Key Words: Iron deficiency • anemia • serum transferrin receptor • serum ferritin • zinc protoporphyrin • infection • malaria • Côte d'Ivoire • children


INTRODUCTION  
Iron deficiency with or without concurrent anemia affects 30% of the global population, making it the most widespread nutrient deficiency (1). The early stage of iron deficiency can be recognized by abnormalities in serum ferritin (SF), zinc protoporphyrin (ZP), and serum transferrin receptor (TfR), whereas the more advanced stage of iron deficiency, iron deficiency anemia (IDA), occurs when anemia develops. The detrimental public health effects of IDA include retarded infant development, increased morbidity and mortality at childbirth, and reduced work performance (2–4).

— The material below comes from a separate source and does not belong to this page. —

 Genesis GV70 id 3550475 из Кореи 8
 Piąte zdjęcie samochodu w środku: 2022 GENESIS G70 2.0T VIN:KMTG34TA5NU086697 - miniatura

Traditionally, the prevalence of anemia was used to estimate the prevalence of iron deficiency and IDA. However, in many developing countries, anemia can also result from infections such as malaria (5), from chronic inflammatory disorders (6), or from other nutritional deficiencies of folate or vitamin B-12 or A (7, 8). In addition, it is well known that infection and inflammation influence hemoglobin and iron-status indexes such as ZP and SF (9, 10) and, thereby, obscure the detection of iron deficiency. Therefore, accurate estimates of the prevalence of iron deficiency and IDA are not available in many nonindustrialized countries. Some studies, however, indicate that TfR helps detect iron deficiency in the presence of inflammation or infection (11–13), but this iron-status indexes has not been used in large-scale surveys in developing countries.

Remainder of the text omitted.